- Born: Bishop Patrick MacMullan 17 March 1752
- Died: 25 October 1824 (aged 72) Loughinisland, United Kingdom of Great Britain and Ireland

= Patrick MacMullan =

Irish Roman Catholic Prelate and Bishop of Down and Connor

Bishop Patrick MacMullan (17 March 1752 – 25 October 1824) was an Irish Roman Catholic Prelate and 20th Bishop of Down and Connor.

He was a native of mid Down and details of his early life in the latter half of the eighteenth century are sketchy.
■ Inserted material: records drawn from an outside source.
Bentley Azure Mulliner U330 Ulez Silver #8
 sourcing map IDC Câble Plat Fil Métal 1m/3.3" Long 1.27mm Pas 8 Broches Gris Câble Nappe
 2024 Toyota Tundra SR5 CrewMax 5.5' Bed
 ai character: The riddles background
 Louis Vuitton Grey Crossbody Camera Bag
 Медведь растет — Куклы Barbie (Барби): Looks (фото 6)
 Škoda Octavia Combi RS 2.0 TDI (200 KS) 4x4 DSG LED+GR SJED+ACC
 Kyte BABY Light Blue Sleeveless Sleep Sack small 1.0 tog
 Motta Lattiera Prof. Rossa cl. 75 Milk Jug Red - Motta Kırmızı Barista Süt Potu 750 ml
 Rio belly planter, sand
It is believed he was ordained to the priesthood in 1775.

He received episcopal consecration on 2 September 1793, and the following year succeeded his distant cousin Hugh as Bishop of Down and Connor.

In 1814 he made a report to Rome on the state of his diocese (served by around 35 parish priests and a few curates) which although vague gives some indication of the state of the diocese.

He died on 25 October 1824 in the house of his nephew in Loughinisland and is buried at Loughinisland Graveyard.

A notice of his death, circulated in many Irish newspapers noted that "the Catholic Clergy of that diocese [Down and Connor] have been under the scriptural jurisdiction of this amiable Prelate for 31 years, during which he has presided over them with the politeness of a Gentleman, the abilities of a Theologian, and the meekness of a humble and exemplary Christian."